The Liberty University case also is unique in that it was the only one where the appeals court decided it couldn’t even make a ruling, given that the provisions it was supposed to rule on hadn’t come into effect. The Fourth Circuit Court of Appeals ruled that the Anti-Injunction Act precluded any rulings about the mandate’s constitutionality before the mandate actually took effect and individuals began paying penalties.
The Supreme Court sided against that viewpoint. In its decision, the justices said that it was within the court’s power to rule on the health law now. That leaves Liberty wanting some answers on the provisions it challenged in court. The Obama administration also agreed that these issues should go back to the Fourth Circuit. Other courts are already hearing new challenges to the health care law, too.
Liberty University doesn’t want to challenge the individual mandate; we already know what the Supreme Court thinks about that. But it does want are answers on two other provisions that it challenged: the mandate that employers provide insurance coverage and the requirement that contraceptives be covered. ”Petitioners’ remaining claims should be subject to adjudication by the lower courts,” Liberty University’s lawyers wrote in a July 2012 petition for re-hearing.
The ever-helpful Lyle Denniston at SCOTUSBlog, who has covered the Supreme Court for decades now, observes that this is a pretty rare move:
Ordinarily, the Court simply denies rehearing pleas with routine orders. The other side in such a situation is not even allowed to react to the rehearing petition unless the Court explicitly asks it to do so. The Court held onto the Liberty rehearing plea over the summer — a period during which it routinely denied a host of other rehearing petitions, without comment. The Justices took up the Liberty plea at their September 24 Conference, resulting in Monday’s order asking the Obama Administration to file a response — within thirty days – with advice on what the Court should do with the Liberty case. While not signaling what the ultimate disposition might be, that was a sufficient break from the normal practice that it carried at least potential significance.
It’s hard to know at this point what would happen if these two provisions of the health care law were overturned. Health policy experts don’t tend to consider the employer mandate as crucial to the health law’s success as the individual mandate.
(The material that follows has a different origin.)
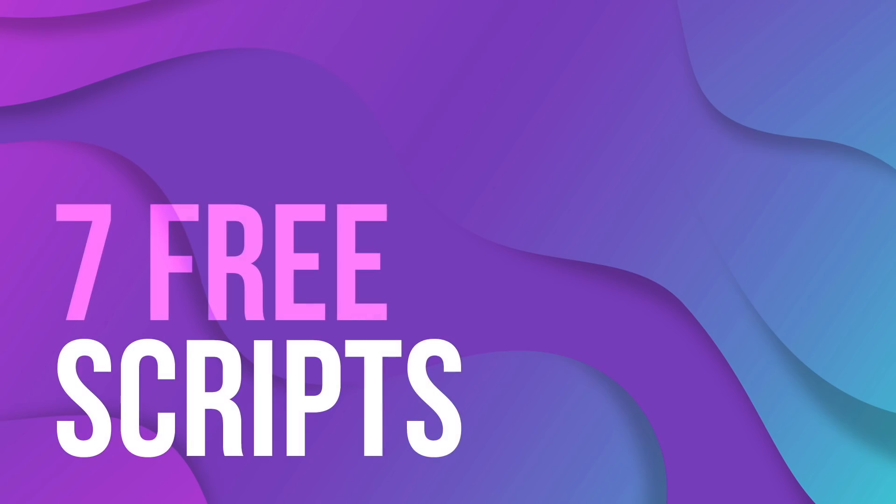Today, a very special treat for you all. I have 7 of the best free scripts for Adobe Illustrator. Also, I'm going to show you how to use them too.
The vast majority of employers already provide insurance coverage, with no mandate at all. but if ACA results in unsustainable cost this could trigger a drop of coverage for millions of people.
If the mandate were to fall and employers were not to provide coverage, workers could potentially head to an insurance exchange and purchase coverage there, some with subsidies. Research suggests this coverage would end up costing employees more, but the option would still be there.